The only Hash crime that was immediately apparent was Irish's inside-out race shirt, and I seem to recall some whining involved, but have lost the details. Vommit, having spent a good deal of the evening running with Body Fluid Hazard (BFH) suggested a renaming to Big Fucking Ham - the "Aye's" unanimously voted for the renaming. BFH did his down-down and is now and forever (until the next renaming) Big Fucking Ham in Sin City and Body Fluid Hazard in Dayton. Can he do that? Whatever.
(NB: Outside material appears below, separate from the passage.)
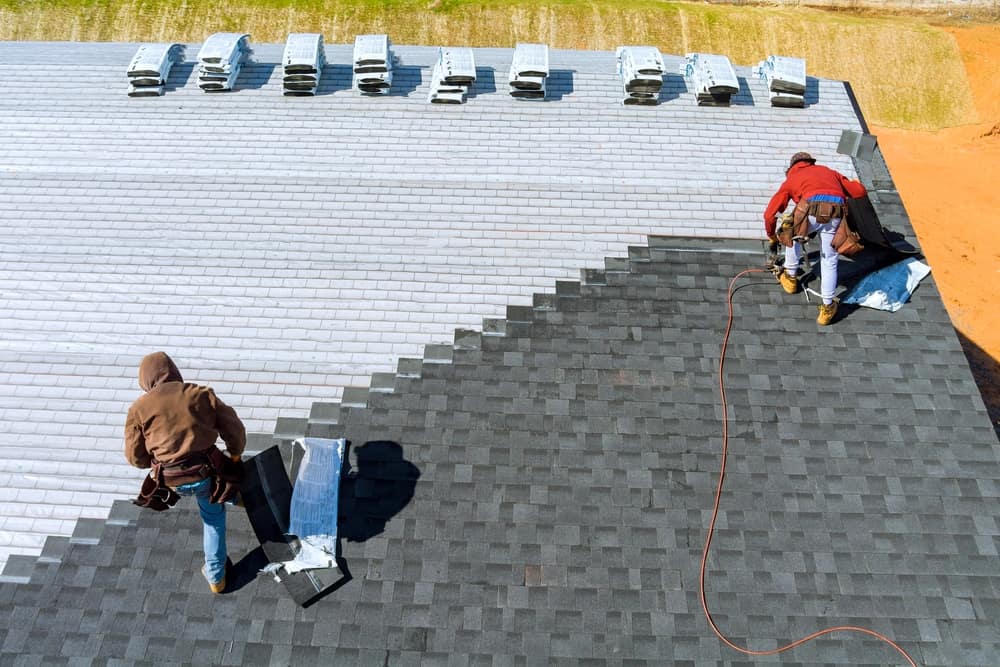 Aerial View In Worker Hands Installing Bitumen Roof Shingles Roofing Services Nassau County, NY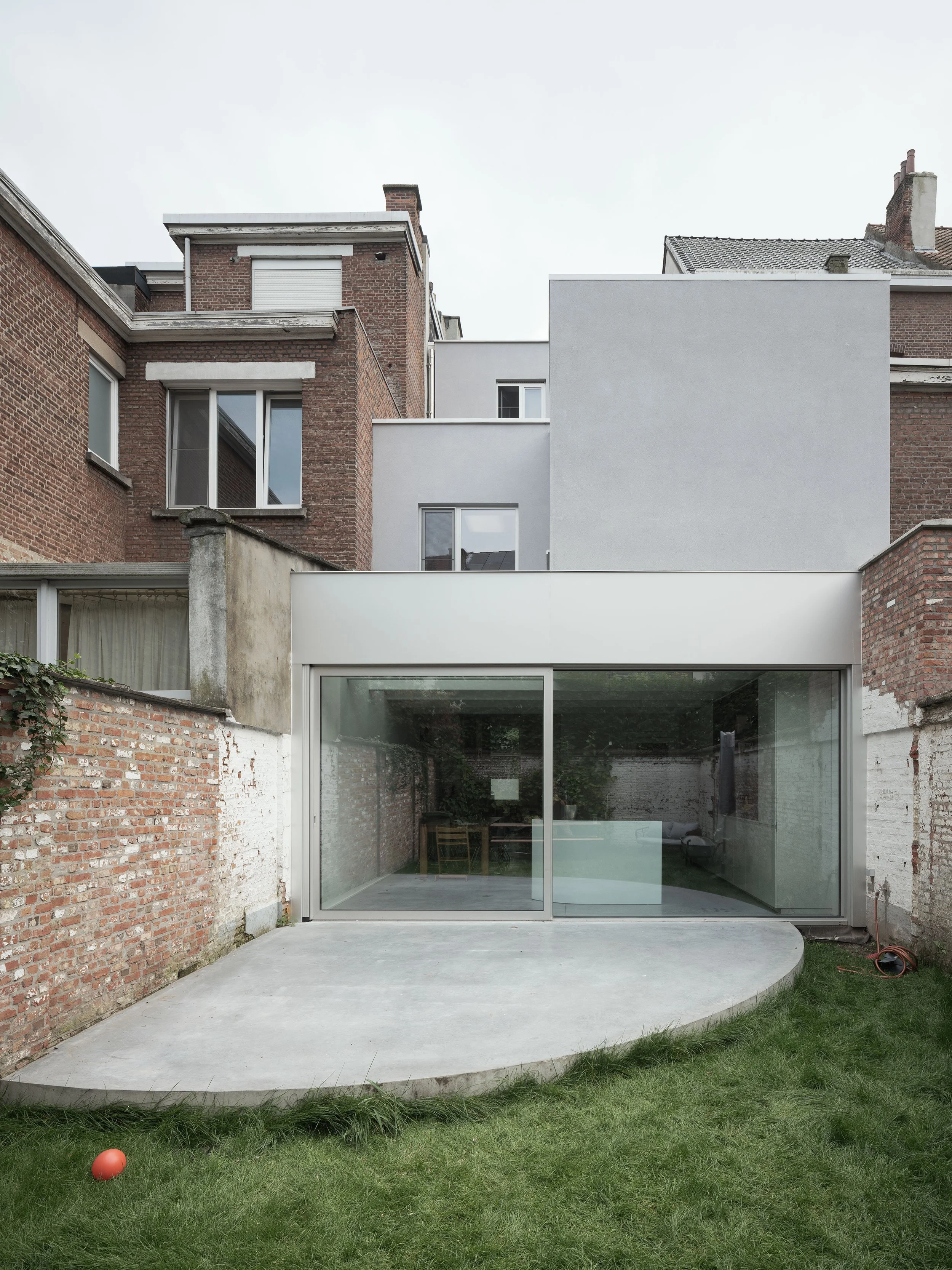 A modern extension with a large glass sliding door on a concrete patio within a backyard, surrounded by brick and concrete walls, with neighboring brick buildings overhead.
D.C. explained her profession to us - she's in corrugated box sales. That, in and of itself, almost earned her a name. But upon further elaboration regarding a particular customer who'd called to order a, umm, a, uhh, a Tight Box (and DC's apparent response, "Honey, you've called the right woman!"), a winner somehow became apparent. DC did her down-down (very well, I might add), and is now and forever the fourth Tight sister, Tight Box. We shall have to have a Tight Party. It was later discovered that TB was wearing a race shirt under several layers (how'd you do that, Vommit?), which cost her another down-down - again, no problem.

Dumb-Ass announcements: Anal Vice reminded everyone of next Saturday's (19th) Red Dress Run in Dayton (Neon Movie Theatre, 5th and Patterson Downtown Dayton, 16:00) - seems that several will be going, and there was interest in hotel-ing it in Dayton for the night. I've asked Barrel Roll for Downtown Dayton (or nearby) hotel information - we'll see what pans out, and consider that in the car pooling arrangements. AV also reminded all of the next SCH4 Hash, run #29, Saturday, 26.October at 14:30 at the Mount Lookout Tavern. Hare is Shackle My Balls... Need I say more??

With the circle having been closed, a feast of pizzas, beer, chips (regular AND barbecue - we were supposed to get some of these at the Beer Near!), beer, pretzels, and beer ensued. Then we had some beer.

RHCP and Nameless Bitch announced that they'd be in Germany (Stuttgart?) until sometime in 1997. Good luck, have a good time, and may shitty trails be yours. Let us hear about Stuttgart Hash. RHCP left us with an "isolated mooning", to try to get our Hash up to at least a PG Hash.

The On-On-On dwindled, and, unfortunately, ended on a sour note, with Dog-In-Drag's Blazer having been broken into and some cash (luckily, only cash) stolen. However, this enabled the SCH4's tradition of involving the police in as many Hashes as possible to stay alive. Think we'd all have rather avoided it, this time.